Sí. Un inmueble situado en Japón es un bien japonés y entra en la base del impuesto japonés de sucesiones (sōzokuzei, sōzoku-zei), aunque el fallecido y los herederos vivan en el extranjero. Para los no residentes, el impuesto cubre en principio solo los bienes situados en Japón. Un zeirishi (zeirishi) confirma el alcance de la base según cada situación.

¿Cuál es la reducción del impuesto de sucesiones en Japón?

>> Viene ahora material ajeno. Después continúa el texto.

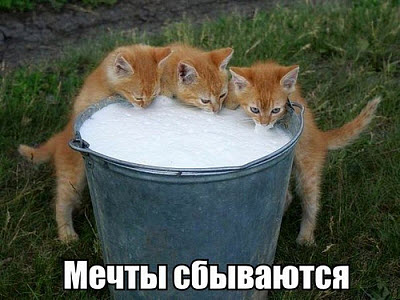Коты и ведро молока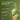 YOUNG LONG Triple Leaftea Matcha Collagen 200g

La reducción básica (kiso kōjo, kiso kōjo) es de 30 millones ¥ (unos 165.000 €) más 6 millones ¥ (unos 33.000 €) por heredero legal. Con 2 herederos la reducción alcanza 42 millones ¥; con 3, 48 millones ¥. Solo tributa la parte de la herencia que supera esa reducción, con una escala del 10 al 55 %.

¿Cómo se valora un inmueble para el impuesto japonés de sucesiones?

No por el precio de mercado, sino por un valor fiscal generalmente más bajo. El suelo se valora según el rosenka (rosenka, valor catastral de referencia por metro de fachada, publicado por la agencia tributaria, a menudo alrededor del 80 % del mercado) y la edificación por su valor catastral asignado (kotei shisan-zei hyōka-gaku). La base imponible suele quedar, por tanto, bastante por debajo del precio de compra.

¿Se puede evitar la doble imposición sobre una herencia japonesa?

El inmueble tributa en Japón en todo caso. Que exista además un convenio en materia de sucesiones entre Japón y su país de residencia debe comprobarse caso por caso, ya que la mayoría de los convenios fiscales solo cubren el impuesto sobre la renta. A falta de convenio, la doble imposición suele corregirse mediante el crédito por impuesto extranjero previsto en la normativa interna. Verifíquelo con un zeirishi (zeirishi) en Japón y un asesor fiscal o notario en su país.

¿Es mejor donar en vida o transmitir por herencia?

Depende. Una donación entra en el ámbito del zōyozei (zōyo-zei), con su propia escala progresiva (hasta el 55 %) y una exención anual mucho menor (en torno a 1,1 millones ¥ al año). La sucesión se beneficia de la reducción de 30 millones ¥ más 6 millones ¥ por heredero. El equilibrio depende del valor del bien, del calendario y de la situación familiar: decídalo con un profesional.